M. Jean Bizet, président. - Qui dit stock dit coût !

M. Rachid Izzar. - Cette somme est intégrée dans les 45 millions d'euros dont je vous ai parlé tout à l'heure. Il s'agit de frais de restructuration.

Mme Gisèle Jourda. - Je voulais vous faire part de mon inquiétude. Deux médicaments produits par votre groupe au Royaume-Uni pourraient faire l'objet d'un défaut d'approvisionnement dont le Zoladex utilisé pour le traitement des cancers du sein et de la prostate. 8 000 patients sont concernés. La Secrétaire générale des affaires européennes, Sandrine Gaudin, nous avait indiqué que des travaux avaient été conduits avec l'Agence européenne du médicament afin d'anticiper ce type de risque. Quand on voit les problèmes d'approvisionnement qu'induit un changement de texture ou de conditionnement, on peut s'interroger sur les conséquences d'un Brexit, phénomène de toute autre ampleur. Quel message pouvons-nous adresser à nos concitoyens ? C'est un sujet sensible qui touche au corps et à la santé.

M. Rachid Izzar. - Nous avions en effet une vraie préoccupation avec le Zoladex.
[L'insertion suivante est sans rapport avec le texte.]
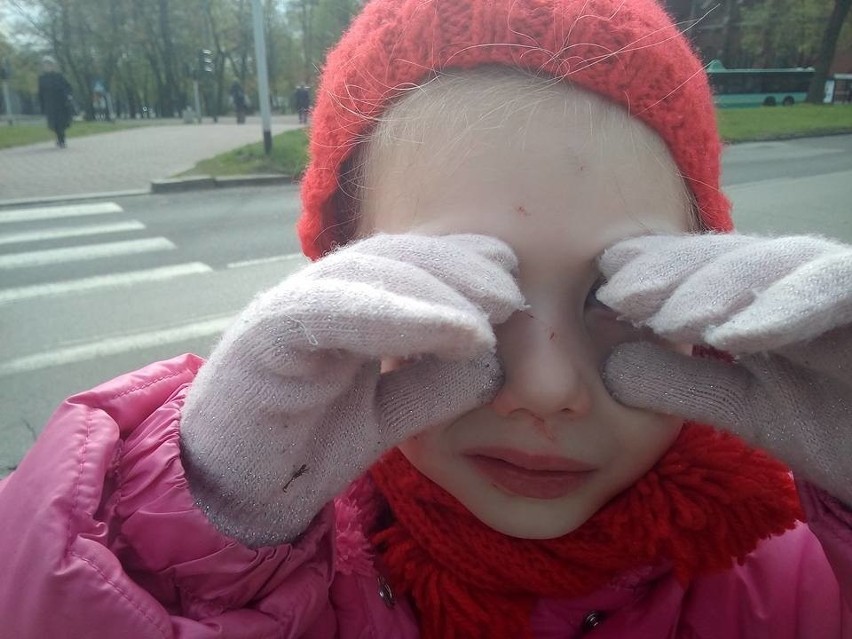 Sosnowiec: lód z ciężarówki ranił twarz 5-letniej dziewczynki ZDJĘCIA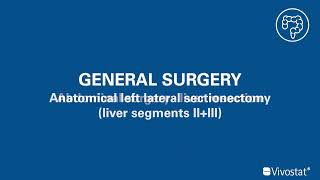 Vivostat Fibrin used for anatomical left lateral sectionectomy [upl. by Ahsekad]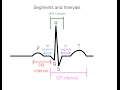Decoding EKG/ECG Basics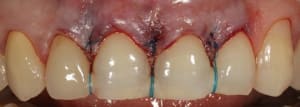 Img 3214 zo4wco - Eugenol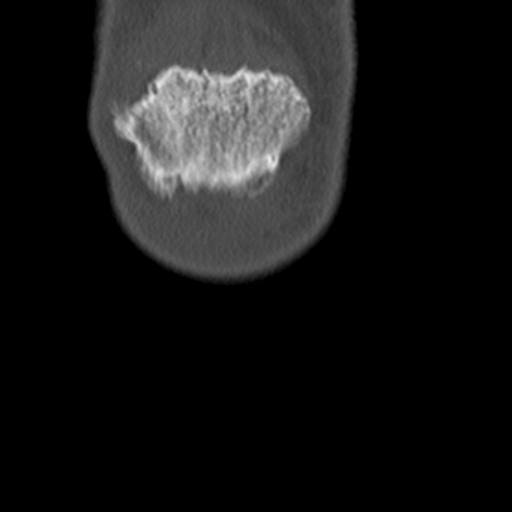 Chondrocalcinosis (Radiopaedia 16275-15955 Coronal bone window 4).jpg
Nous nous nous sommes préparés à une duplication des tests dès 2016. Reste que ce médicament est soumis à un processus complexe et que la réalisation des tests nécessite un délai incompressible de 42 mois. De fait, faute de maintien du principe de reconnaissance mutuelle, nous serions confrontés à un risque réel de rupture. Les deux lettres de l'ANSM et de la Commission européenne nous autorisent aujourd'hui à l'importer. Il n'y a donc plus de problème d'approvisionnement compte-tenu de la reconnaissance de la certification britannique.

M. Gilbert-Luc Devinaz. - Le coût de la sortie du Royaume-Uni pour le secteur du médicament est aujourd'hui estimé à 100 millions de dollars. Quelles peuvent être les conséquences sur l'emploi au sein de votre groupe ?
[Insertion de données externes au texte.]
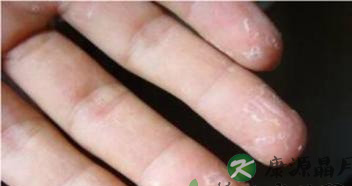 冬天手脱皮是什么原因 冬天手脱皮是什么原因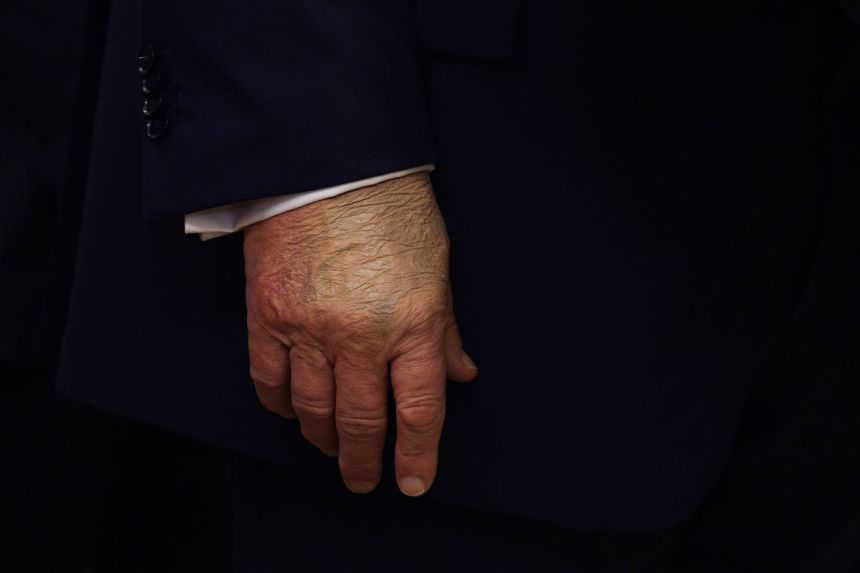 Un primer plano de la mano del presidente Donald Trump mientras pronuncia el discurso del 2 de septiembre en la Oficina Oval de la Casa Blanca en Washington.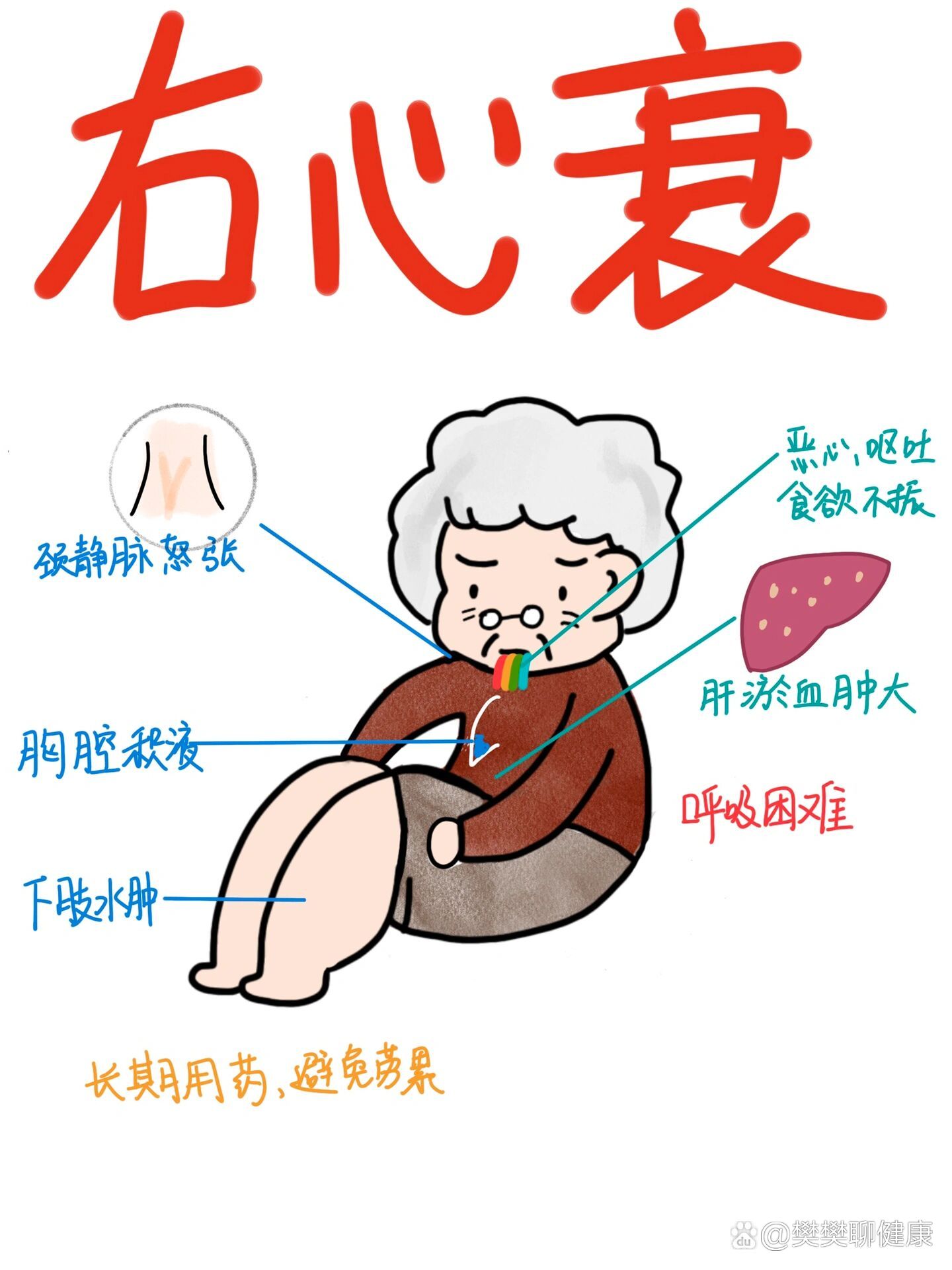 医学生笔记|右心衰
M. Rachid Izzar. - Il y a effectivement un coût pour le groupe. Nous l'avons chiffré à 45 millions d'euros. Mais il n'y aura aucune conséquence sur l'emploi.

M. Richard Yung. - Je reviens sur la question des prix des produits pharmaceutiques. Ils font l'objet d'une discussion avec le Gouvernement. Mais qu'en est-il des taxes ? Les Britanniques quittent l'Union européenne au nom du libéralisme, ils ne devraient donc pas être allants sur la taxation. Mais qu'en est-il de l'autre côté de la Manche ? Je note, par ailleurs, que l'Agence européenne du médicament déménage à Amsterdam.
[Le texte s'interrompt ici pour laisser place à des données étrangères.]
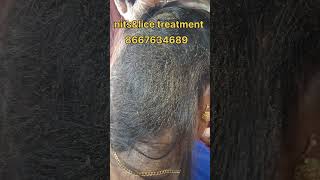 nits hair nitsremoval eeru haircare peenu ytshorts nits removal treatment hair problem [upl. by Stanway1]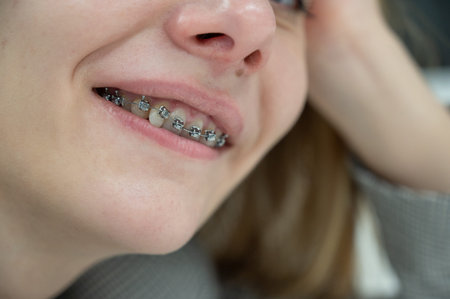 Woman smiling with braces on her teeth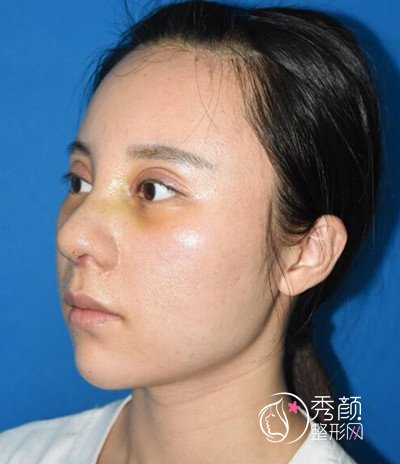 上海百达丽徐晓斐双眼皮修复+隆鼻案例。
M. Rachid Izzar. - Rien ne se fera sans l'Agence européenne du médicament. Je laisse Philippe Mourouga détailler le mécanisme de fixation des prix.

M. Philippe Mourouga, directeur des affaires publiques, des affaires économiques, juridiques et communication - AstraZeneca France. - Comme vous l'avez indiqué, le prix d'un médicament en France est négocié avec les autorités de santé. Au préalable, avec la Haute autorité de santé (HAS), cette négociation est abordée sous deux angles : son apport scientifique et sa valeur économique. L'innovation que le médicament représente et le marché dans lequel il s'insère sont étudiés. Il n'y aura donc pas d'impact du Brexit sur les règles de négociations des prix.

M. Richard Yung. - Et il n'y a donc pas de prix unique au niveau européen.

M. Philippe Mourouga. - L'autorisation de mise sur le marché est transmise à l'ANSM par l'Agence européenne du médicament. C'est ensuite à l'HAS d'évaluer le médicament et son prix en fonction du taux de remboursement, de l'intérêt du médicament pour le système de santé et de son aspect novateur. La négociation s'appuie sur une comparaison avec les prix existants et prend bien évidemment en compte ce que nous demandons et le coût pour la solidarité nationale. La fixation du prix est, en tout état de cause, disjointe de la question des taxes.

M. Ladislas Poniatowski, président. - J'aimerais rester sur la question des prix. Vous nous avez rassurés sur l'approvisionnement pour les malades. Mais il y aura un changement pour eux, ce sera le prix ! Votre groupe sera hors UE après le 29 mars. Si le Royaume-Uni reste dans une union commerciale, il n'y aura pas de changement de prix. Mais si vous êtes un partenaire extérieur, le prix ne sera pas le même pour le malade ! Il y aura une taxe en plus !

M. Rachid Izzar. - Nous appelons de tous nos voeux au maintien d'une union douanière avec le Royaume-Uni. Mais nous ne savons pas de quoi l'avenir sera fait. L'accord est complexe, comporte beaucoup de clauses, de dispositions techniques que nous n'avons pas encore étudiées en profondeur. Cependant, nous n'avons pas prévu de modification des prix, considérant les informations que nous avons aujourd'hui.

M. Philippe Mourouga. - Des taxes peuvent s'ajouter, mais ce n'est pas quelque chose que nous maîtrisons pour le moment.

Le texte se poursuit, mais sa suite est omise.